Por lo general son los mismos padres quienes dan el ejemplo:
verbigracia, una madre tiránica, disgustada por la desobediencia del hijo,
creerá y declarará que éste no la quiere. Del mismo modo, suele
producirse una extraña contradicción que puede trastornar
profundamente cualquier lazo amoroso: una muchacha neurótica no
puede amar a un hombre «débil» porque detesta toda debilidad, pero
tampoco es capaz de competir con un hombre «fuerte» porque siempre
espera que éste se doblegue ante ella; de ahí que, en secreto, sólo
busque al «héroe», al superhombre recio, pero al mismo tiempo tan débil
que se someta sin vacilar a cualquier demanda suya.
Otra actitud que integra el afán de poderío es la de no ceder jamás. El
estar de acuerdo con una opinión o el aceptar un consejo, aunque se lo
considere acertado, se experimenta como una flaqueza, y la simple idea
de proceder así desencadena la rebelión. Aquellas personas en las
cuales prevalece esta postura tienden a reaccionar contra todo, y por su
verdadero temor a transigir adoptan compulsivamente actitudes de discrepancia.

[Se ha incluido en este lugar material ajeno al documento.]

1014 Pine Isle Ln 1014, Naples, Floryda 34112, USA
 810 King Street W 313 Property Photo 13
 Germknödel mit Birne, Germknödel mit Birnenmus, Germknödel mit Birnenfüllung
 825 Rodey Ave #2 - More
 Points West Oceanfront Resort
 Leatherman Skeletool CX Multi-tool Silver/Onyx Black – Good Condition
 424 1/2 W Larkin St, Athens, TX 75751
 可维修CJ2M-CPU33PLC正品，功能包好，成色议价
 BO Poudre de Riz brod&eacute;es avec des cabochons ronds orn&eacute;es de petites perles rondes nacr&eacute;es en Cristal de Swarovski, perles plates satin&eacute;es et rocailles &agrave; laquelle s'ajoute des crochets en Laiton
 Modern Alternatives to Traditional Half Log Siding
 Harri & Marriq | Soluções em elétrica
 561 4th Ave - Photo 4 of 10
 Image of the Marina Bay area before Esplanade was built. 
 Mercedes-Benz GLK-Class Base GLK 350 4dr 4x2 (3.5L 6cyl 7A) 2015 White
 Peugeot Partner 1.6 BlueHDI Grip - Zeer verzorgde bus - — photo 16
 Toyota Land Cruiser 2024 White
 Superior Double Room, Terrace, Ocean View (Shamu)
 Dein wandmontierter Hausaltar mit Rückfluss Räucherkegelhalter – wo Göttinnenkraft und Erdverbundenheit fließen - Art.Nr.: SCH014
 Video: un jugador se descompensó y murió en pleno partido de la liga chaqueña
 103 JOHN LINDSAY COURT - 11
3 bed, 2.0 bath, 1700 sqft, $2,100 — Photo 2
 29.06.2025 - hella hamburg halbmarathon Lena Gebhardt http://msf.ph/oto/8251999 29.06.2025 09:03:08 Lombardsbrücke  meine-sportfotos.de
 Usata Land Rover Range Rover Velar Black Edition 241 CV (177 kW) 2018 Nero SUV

La expresión más corriente de esta actitud es la oculta exigencia
neurótica de que el mundo se ajuste a él, en vez de adaptarse él mismo
al mundo. De esta postura surge una de las principales dificultades del
tratamiento psicoanalítico. En efecto, el objetivo último del análisis no es
adquirir conocimiento o mayor comprensión, sino aplicar esta
comprensión a fin de modificar las actitudes; mas, aunque reconoce que
un cambio redundaría en su personal beneficio, el neurótico de este tipo
abomina la perspectiva déenmendarse, pues para él significaría una
concesión fatal. Tal incapacidad de ceder ante el prójimo influye
asimismo sobre las relaciones amorosas. El amor, cualquiera sea su
significado en lo restante, siempre implica una entrega, es decir, ceder
ante la persona amada, así como ante los propios sentimientos. Cuanto
más inepta sea una persona, hombre o mujer, para tolerar tal concesión,
tanto menos satisfactorias serán sus correspondencias amorosas. El
mismo factor también puede intervenir en la frigidez, ya que el llegar al
orgasmo presupone, justamente, esa capacidad de abandonarse por
entero a los propios impulsos.
La influencia que, según hemos visto, tiene el afán de poderío en las
relaciones amorosas, nos permite comprender con mayor profundidad
varias consecuencias de la necesidad neurótica de cariño. En efecto,
numerosas actitudes vinculadas con el anhelo de amor sólo se penetran
a fondo si se examina el papel que en ellas desempeña el afán de poderío.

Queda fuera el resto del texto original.